Assignment: Nothing in the records may be changed; reproduce all of them.

[Short web captions]

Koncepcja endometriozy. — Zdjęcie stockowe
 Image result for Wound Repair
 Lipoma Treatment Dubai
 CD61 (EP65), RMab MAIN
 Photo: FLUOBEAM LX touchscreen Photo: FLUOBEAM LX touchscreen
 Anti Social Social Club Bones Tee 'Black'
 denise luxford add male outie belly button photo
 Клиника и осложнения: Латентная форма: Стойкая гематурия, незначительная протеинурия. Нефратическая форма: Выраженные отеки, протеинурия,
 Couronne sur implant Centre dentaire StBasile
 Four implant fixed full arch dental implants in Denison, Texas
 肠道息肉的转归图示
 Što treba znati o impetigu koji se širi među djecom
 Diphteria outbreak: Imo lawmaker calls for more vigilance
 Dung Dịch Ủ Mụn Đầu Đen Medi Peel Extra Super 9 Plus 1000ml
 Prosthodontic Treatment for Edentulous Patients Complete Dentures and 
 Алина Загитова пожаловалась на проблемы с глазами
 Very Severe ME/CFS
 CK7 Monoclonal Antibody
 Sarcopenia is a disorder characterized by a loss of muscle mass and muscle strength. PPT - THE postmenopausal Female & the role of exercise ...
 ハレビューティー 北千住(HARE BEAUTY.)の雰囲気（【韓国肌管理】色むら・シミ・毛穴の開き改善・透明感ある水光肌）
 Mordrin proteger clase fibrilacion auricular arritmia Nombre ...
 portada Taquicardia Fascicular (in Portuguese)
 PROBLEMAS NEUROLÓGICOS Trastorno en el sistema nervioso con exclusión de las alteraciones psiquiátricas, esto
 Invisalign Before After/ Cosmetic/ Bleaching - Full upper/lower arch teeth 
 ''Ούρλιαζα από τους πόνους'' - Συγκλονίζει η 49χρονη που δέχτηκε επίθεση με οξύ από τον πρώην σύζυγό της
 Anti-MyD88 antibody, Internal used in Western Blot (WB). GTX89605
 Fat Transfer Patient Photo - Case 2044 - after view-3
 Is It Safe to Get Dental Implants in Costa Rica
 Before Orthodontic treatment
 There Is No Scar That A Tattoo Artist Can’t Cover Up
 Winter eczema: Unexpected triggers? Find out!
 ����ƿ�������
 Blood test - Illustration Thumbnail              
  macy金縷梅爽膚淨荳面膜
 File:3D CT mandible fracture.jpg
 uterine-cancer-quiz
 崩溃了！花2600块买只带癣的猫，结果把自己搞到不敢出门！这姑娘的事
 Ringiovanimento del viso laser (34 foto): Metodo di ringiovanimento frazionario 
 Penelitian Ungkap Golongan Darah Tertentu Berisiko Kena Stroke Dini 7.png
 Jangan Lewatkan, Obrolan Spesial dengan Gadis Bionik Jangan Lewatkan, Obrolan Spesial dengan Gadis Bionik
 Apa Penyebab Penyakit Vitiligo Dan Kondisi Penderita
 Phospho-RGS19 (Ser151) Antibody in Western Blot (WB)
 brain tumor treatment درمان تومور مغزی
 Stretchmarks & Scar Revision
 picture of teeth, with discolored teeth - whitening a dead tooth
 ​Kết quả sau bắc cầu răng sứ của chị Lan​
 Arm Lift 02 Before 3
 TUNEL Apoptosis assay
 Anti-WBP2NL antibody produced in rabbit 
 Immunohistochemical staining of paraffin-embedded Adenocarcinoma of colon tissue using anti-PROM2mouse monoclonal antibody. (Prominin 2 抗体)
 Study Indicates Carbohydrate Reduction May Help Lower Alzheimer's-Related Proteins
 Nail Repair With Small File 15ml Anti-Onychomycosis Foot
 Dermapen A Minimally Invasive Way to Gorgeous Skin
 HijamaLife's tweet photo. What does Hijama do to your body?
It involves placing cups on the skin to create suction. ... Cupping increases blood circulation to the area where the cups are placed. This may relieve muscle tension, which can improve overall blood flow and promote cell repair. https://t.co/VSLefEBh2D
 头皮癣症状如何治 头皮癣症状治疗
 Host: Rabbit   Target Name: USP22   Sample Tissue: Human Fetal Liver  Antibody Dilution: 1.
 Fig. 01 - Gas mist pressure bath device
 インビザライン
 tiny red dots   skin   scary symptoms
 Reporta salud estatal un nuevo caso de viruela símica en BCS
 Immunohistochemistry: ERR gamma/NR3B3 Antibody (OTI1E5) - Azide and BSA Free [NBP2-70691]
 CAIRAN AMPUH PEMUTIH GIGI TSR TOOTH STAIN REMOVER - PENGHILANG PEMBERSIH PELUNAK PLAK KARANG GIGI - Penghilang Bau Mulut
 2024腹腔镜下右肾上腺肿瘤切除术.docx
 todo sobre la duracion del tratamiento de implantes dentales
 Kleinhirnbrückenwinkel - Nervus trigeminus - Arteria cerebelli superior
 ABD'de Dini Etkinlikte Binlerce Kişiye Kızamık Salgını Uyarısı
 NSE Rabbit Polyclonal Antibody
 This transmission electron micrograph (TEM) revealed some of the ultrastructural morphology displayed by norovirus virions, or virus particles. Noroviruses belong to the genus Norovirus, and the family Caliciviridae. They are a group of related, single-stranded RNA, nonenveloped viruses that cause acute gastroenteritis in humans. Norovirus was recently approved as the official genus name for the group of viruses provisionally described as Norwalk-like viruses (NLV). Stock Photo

Solution:
Koncepcja endometriozy. — Zdjęcie stockowe
 Image result for Wound Repair
 Lipoma Treatment Dubai
 CD61 (EP65), RMab MAIN
 Photo: FLUOBEAM LX touchscreen Photo: FLUOBEAM LX touchscreen
 Anti Social Social Club Bones Tee 'Black'
 denise luxford add male outie belly button photo
 Клиника и осложнения: Латентная форма: Стойкая гематурия, незначительная протеинурия. Нефратическая форма: Выраженные отеки, протеинурия,
 Couronne sur implant Centre dentaire StBasile
 Four implant fixed full arch dental implants in Denison, Texas
 肠道息肉的转归图示
 Što treba znati o impetigu koji se širi među djecom
 Diphteria outbreak: Imo lawmaker calls for more vigilance
 Dung Dịch Ủ Mụn Đầu Đen Medi Peel Extra Super 9 Plus 1000ml
 Prosthodontic Treatment for Edentulous Patients Complete Dentures and 
 Алина Загитова пожаловалась на проблемы с глазами
 Very Severe ME/CFS
 CK7 Monoclonal Antibody
 Sarcopenia is a disorder characterized by a loss of muscle mass and muscle strength. PPT - THE postmenopausal Female & the role of exercise ...
 ハレビューティー 北千住(HARE BEAUTY.)の雰囲気（【韓国肌管理】色むら・シミ・毛穴の開き改善・透明感ある水光肌）
 Mordrin proteger clase fibrilacion auricular arritmia Nombre ...
 portada Taquicardia Fascicular (in Portuguese)
 PROBLEMAS NEUROLÓGICOS Trastorno en el sistema nervioso con exclusión de las alteraciones psiquiátricas, esto
 Invisalign Before After/ Cosmetic/ Bleaching - Full upper/lower arch teeth 
 ''Ούρλιαζα από τους πόνους'' - Συγκλονίζει η 49χρονη που δέχτηκε επίθεση με οξύ από τον πρώην σύζυγό της
 Anti-MyD88 antibody, Internal used in Western Blot (WB). GTX89605
 Fat Transfer Patient Photo - Case 2044 - after view-3
 Is It Safe to Get Dental Implants in Costa Rica
 Before Orthodontic treatment
 There Is No Scar That A Tattoo Artist Can’t Cover Up
 Winter eczema: Unexpected triggers? Find out!
 ����ƿ�������
 Blood test - Illustration Thumbnail              
  macy金縷梅爽膚淨荳面膜
 File:3D CT mandible fracture.jpg
 uterine-cancer-quiz
 崩溃了！花2600块买只带癣的猫，结果把自己搞到不敢出门！这姑娘的事
 Ringiovanimento del viso laser (34 foto): Metodo di ringiovanimento frazionario 
 Penelitian Ungkap Golongan Darah Tertentu Berisiko Kena Stroke Dini 7.png
 Jangan Lewatkan, Obrolan Spesial dengan Gadis Bionik Jangan Lewatkan, Obrolan Spesial dengan Gadis Bionik
 Apa Penyebab Penyakit Vitiligo Dan Kondisi Penderita
 Phospho-RGS19 (Ser151) Antibody in Western Blot (WB)
 brain tumor treatment درمان تومور مغزی
 Stretchmarks & Scar Revision
 picture of teeth, with discolored teeth - whitening a dead tooth
 ​Kết quả sau bắc cầu răng sứ của chị Lan​
 Arm Lift 02 Before 3
 TUNEL Apoptosis assay
 Anti-WBP2NL antibody produced in rabbit 
 Immunohistochemical staining of paraffin-embedded Adenocarcinoma of colon tissue using anti-PROM2mouse monoclonal antibody. (Prominin 2 抗体)
 Study Indicates Carbohydrate Reduction May Help Lower Alzheimer's-Related Proteins
 Nail Repair With Small File 15ml Anti-Onychomycosis Foot
 Dermapen A Minimally Invasive Way to Gorgeous Skin
 HijamaLife's tweet photo. What does Hijama do to your body?
It involves placing cups on the skin to create suction. ... Cupping increases blood circulation to the area where the cups are placed. This may relieve muscle tension, which can improve overall blood flow and promote cell repair. https://t.co/VSLefEBh2D
 头皮癣症状如何治 头皮癣症状治疗
 Host: Rabbit   Target Name: USP22   Sample Tissue: Human Fetal Liver  Antibody Dilution: 1.
 Fig. 01 - Gas mist pressure bath device
 インビザライン
 tiny red dots   skin   scary symptoms
 Reporta salud estatal un nuevo caso de viruela símica en BCS
 Immunohistochemistry: ERR gamma/NR3B3 Antibody (OTI1E5) - Azide and BSA Free [NBP2-70691]
 CAIRAN AMPUH PEMUTIH GIGI TSR TOOTH STAIN REMOVER - PENGHILANG PEMBERSIH PELUNAK PLAK KARANG GIGI - Penghilang Bau Mulut
 2024腹腔镜下右肾上腺肿瘤切除术.docx
 todo sobre la duracion del tratamiento de implantes dentales
 Kleinhirnbrückenwinkel - Nervus trigeminus - Arteria cerebelli superior
 ABD'de Dini Etkinlikte Binlerce Kişiye Kızamık Salgını Uyarısı
 NSE Rabbit Polyclonal Antibody
 This transmission electron micrograph (TEM) revealed some of the ultrastructural morphology displayed by norovirus virions, or virus particles. Noroviruses belong to the genus Norovirus, and the family Caliciviridae. They are a group of related, single-stranded RNA, nonenveloped viruses that cause acute gastroenteritis in humans. Norovirus was recently approved as the official genus name for the group of viruses provisionally described as Norwalk-like viruses (NLV). Stock Photo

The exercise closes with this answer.